How to extract text from handwritten documents

We’re working through a digitization project at our hospital and it’s proving trickier than expected. A lot of our patient intake forms and clinical notes are handwritten — mix of print and cursive, varying quality, different staff members’ handwriting. Standard OCR tools we’ve demoed have been pretty hit or miss, especially on anything cursive. Has anyone actually solved this at scale for a healthcare setting? What worked?

Been there with handwriting recognition — it’s genuinely hard, and anyone who tells you otherwise is probably selling something. Standard OCR engines like Tesseract are basically not usable for messy handwritten notes. You’re looking at maybe 40-60% accuracy on real-world clinical handwriting, which creates more cleanup work than it saves.

Google’s Cloud Vision API has gotten noticeably better at this and will get you into the 70-85% range on legible handwriting. If your team is comfortable with cloud APIs it’s worth a look. For mixed print-and-handwriting documents, some of the AI-based document tools handle it reasonably well — Lido is one that comes up, though I’d say it’s stronger on structured printed docs than pure freeform notes. Worth testing on your actual samples.

For healthcare specifically though, I’d lean toward vendors who’ve trained their models on medical handwriting — things like AMT or healthcare-specific OCR platforms. The domain-specific training makes a real difference when you’re dealing with medical shorthand and terminology.

Here’s the thing nobody loves to hear: handwriting quality is the biggest variable. Cursive is dramatically harder than print. Rushed pen pressure, skewed pages, multiple languages — all of it tanks accuracy. So honestly, my practical recommendation for hospital forms is a hybrid approach. Automate the structured parts — checkboxes, printed fields, pre-filled sections — and build in a human review step for the handwritten portions. It’s not as glamorous as full automation, but for medical records you really can’t afford to let errors slip through unchecked.

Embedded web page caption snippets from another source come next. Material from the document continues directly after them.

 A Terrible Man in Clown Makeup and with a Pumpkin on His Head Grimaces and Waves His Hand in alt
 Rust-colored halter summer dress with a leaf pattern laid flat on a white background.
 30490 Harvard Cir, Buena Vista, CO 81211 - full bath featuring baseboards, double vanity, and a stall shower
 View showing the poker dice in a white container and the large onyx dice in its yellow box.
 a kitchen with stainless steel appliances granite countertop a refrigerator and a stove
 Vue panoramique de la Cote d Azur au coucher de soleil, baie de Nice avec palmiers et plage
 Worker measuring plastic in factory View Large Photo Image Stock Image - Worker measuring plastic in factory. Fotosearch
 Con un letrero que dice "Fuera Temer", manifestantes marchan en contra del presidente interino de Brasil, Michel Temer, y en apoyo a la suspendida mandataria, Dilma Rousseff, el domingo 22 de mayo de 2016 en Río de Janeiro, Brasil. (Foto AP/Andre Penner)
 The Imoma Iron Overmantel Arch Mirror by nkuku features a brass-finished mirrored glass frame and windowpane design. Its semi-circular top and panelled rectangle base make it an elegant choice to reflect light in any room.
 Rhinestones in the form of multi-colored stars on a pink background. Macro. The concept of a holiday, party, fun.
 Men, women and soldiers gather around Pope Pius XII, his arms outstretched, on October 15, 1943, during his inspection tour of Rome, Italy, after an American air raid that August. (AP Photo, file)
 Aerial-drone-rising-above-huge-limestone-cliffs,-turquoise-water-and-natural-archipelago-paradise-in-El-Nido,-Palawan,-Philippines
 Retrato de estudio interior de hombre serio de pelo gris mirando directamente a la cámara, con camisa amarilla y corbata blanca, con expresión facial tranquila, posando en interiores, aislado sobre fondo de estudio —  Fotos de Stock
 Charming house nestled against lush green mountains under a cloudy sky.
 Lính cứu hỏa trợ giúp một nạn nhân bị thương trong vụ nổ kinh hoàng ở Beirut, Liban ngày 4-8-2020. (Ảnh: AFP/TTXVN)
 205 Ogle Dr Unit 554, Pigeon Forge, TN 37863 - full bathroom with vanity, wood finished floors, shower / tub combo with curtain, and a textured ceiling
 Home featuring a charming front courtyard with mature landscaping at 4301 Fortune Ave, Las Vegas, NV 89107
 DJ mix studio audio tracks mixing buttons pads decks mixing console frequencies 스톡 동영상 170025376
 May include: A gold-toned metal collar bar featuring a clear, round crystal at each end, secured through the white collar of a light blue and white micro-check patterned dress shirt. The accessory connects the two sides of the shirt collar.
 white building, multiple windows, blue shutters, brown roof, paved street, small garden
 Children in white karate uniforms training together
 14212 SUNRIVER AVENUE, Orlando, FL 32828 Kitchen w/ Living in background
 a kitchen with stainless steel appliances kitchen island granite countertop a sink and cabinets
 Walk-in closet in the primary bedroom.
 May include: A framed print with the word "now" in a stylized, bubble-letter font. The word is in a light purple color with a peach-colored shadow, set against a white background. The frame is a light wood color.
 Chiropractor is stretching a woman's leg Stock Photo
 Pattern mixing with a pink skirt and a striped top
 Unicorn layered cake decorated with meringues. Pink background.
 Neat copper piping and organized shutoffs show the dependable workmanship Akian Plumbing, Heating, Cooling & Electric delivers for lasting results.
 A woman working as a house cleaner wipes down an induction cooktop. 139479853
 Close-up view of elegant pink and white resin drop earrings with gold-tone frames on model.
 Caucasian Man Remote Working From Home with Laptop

Jumping in here because I think this is an important nuance that gets glossed over a lot. ‘No template needed’ doesn’t automatically mean ‘zero setup.’ Even the AI-based tools we’ve tried needed some tuning to handle our specific document types well — like, it still took us a couple weeks to get things dialed in. It’s definitely less painful than maintaining a library of templates, don’t get me wrong, but I wouldn’t go in expecting it to be truly plug-and-play out of the box. Just set realistic expectations and you’ll be fine.

We’re roughly the same size — maybe 60 employees — and yeah, Tesseract was our first stop too because, well, free. But the accuracy was just not there for anything that wasn’t a clean, typed document. Handwritten stuff or even just slightly crumpled invoices? Forget it. We were probably around 65% on our worst docs. Ended up moving to Lido a few months back and it’s been night and day. Sitting comfortably above 95% now and the team has basically stopped complaining about manual corrections, which is honestly the real win.

Oh man, we just went through this whole evaluation process ourselves, probably about ten months back now. It was a pretty intense couple of weeks, actually. We ran Lido and Tesseract side-by-side, really putting them through their paces with our specific handwritten documents.

For what we needed, Lido definitely came out on top when it came to accuracy. It just handled the nuances of our handwriting much better. Tesseract, on the other hand, had some seriously attractive pricing, which was a huge draw and made the decision tougher than it sounds!

In the end, we bit the bullet and went with Lido. Accuracy was just the absolute priority for us, so we had to make that call despite the cost difference. Hope that helps a bit!